How to add a dependency to a Spring Boot Jar in another project?

ghz 1years ago ⋅ 3255 views

Question

I have a Spring Boot application and I have created a Jar out of that. Following is my pom.xml:

<dependencies>
    <dependency>
        <groupId>org.springframework.boot</groupId>
        <artifactId>spring-boot-starter-web</artifactId>
    </dependency>
    <dependency>
        <groupId>org.springframework.boot</groupId>
        <artifactId>spring-boot-starter-mail</artifactId>
    </dependency>
    <dependency>
        <groupId>org.springframework.boot</groupId>
        <artifactId>spring-boot-starter-thymeleaf</artifactId>
    </dependency>
    <dependency>
        <groupId>org.thymeleaf.extras</groupId>
        <artifactId>thymeleaf-extras-java8time</artifactId>
        <version>2.1.0.RELEASE</version>
    </dependency>
    <dependency>
        <groupId>org.springframework.boot</groupId>
        <artifactId>spring-boot-starter-actuator</artifactId>
    </dependency>
    <!-- WebJars -->
    <dependency>
        <groupId>javax.mail</groupId>
        <artifactId>mail</artifactId>
        <version>1.4.7</version>
    </dependency>
    <dependency>
        <groupId>com.google.code.gson</groupId>
        <artifactId>gson</artifactId>
        <version>2.6.2</version>
    </dependency>
</dependencies>
<build>
    <plugins>
        <plugin>
            <groupId>org.springframework.boot</groupId>
            <artifactId>spring-boot-maven-plugin</artifactId>
        </plugin>
    </plugins>
</build>

I want to use this Jar in my other application so added this jar to my application. But when I am calling a method in that Jar, it is throwing a ClassNotFoundException.

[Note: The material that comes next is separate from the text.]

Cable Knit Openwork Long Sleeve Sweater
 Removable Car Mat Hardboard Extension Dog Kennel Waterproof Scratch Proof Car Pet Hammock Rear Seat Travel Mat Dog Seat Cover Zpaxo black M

How can I fix this issue? How can I add a dependency to a Spring Boot JAR?


Answer

By default, Spring Boot repackages your JAR into an executable JAR, and it does that by putting all of your classes inside BOOT-INF/classes, and all of the dependent libraries inside BOOT-INF/lib. The consequence of creating this fat JAR is that you can no longer use it as a dependency for other projects.

From [Custom repackage classifier](http://docs.spring.io/spring- boot/docs/1.4.1.RELEASE/maven-plugin/examples/repackage-classifier.html):

By default, the repackage goal will replace the original artifact with the repackaged one. That's a sane behaviour for modules that represent an app but if your module is used as a dependency of another module, you need to provide a classifier for the repackaged one.

The reason for that is that application classes are packaged in BOOT- INF/classes so that the dependent module cannot load a repackaged jar's classes.

If you want to keep the original main artifact in order to use it as a dependency, you can add a [classifier](http://docs.spring.io/spring- boot/docs/1.4.1.RELEASE/maven-plugin/repackage-mojo.html#classifier) in the repackage goal configuration:

<plugin>
  <groupId>org.springframework.boot</groupId>
  <artifactId>spring-boot-maven-plugin</artifactId>
  <version>1.4.1.RELEASE</version>
  <executions>
    <execution>
      <goals>
        <goal>repackage</goal>
      </goals>
      <configuration>
        <classifier>exec</classifier>
      </configuration>
    </execution>
  </executions>
</plugin>

With this configuration, the Spring Boot Maven Plugin will create 2 JARs: the main one will be the same as a usual Maven project, while the second one will have the classifier appended and be the executable JAR.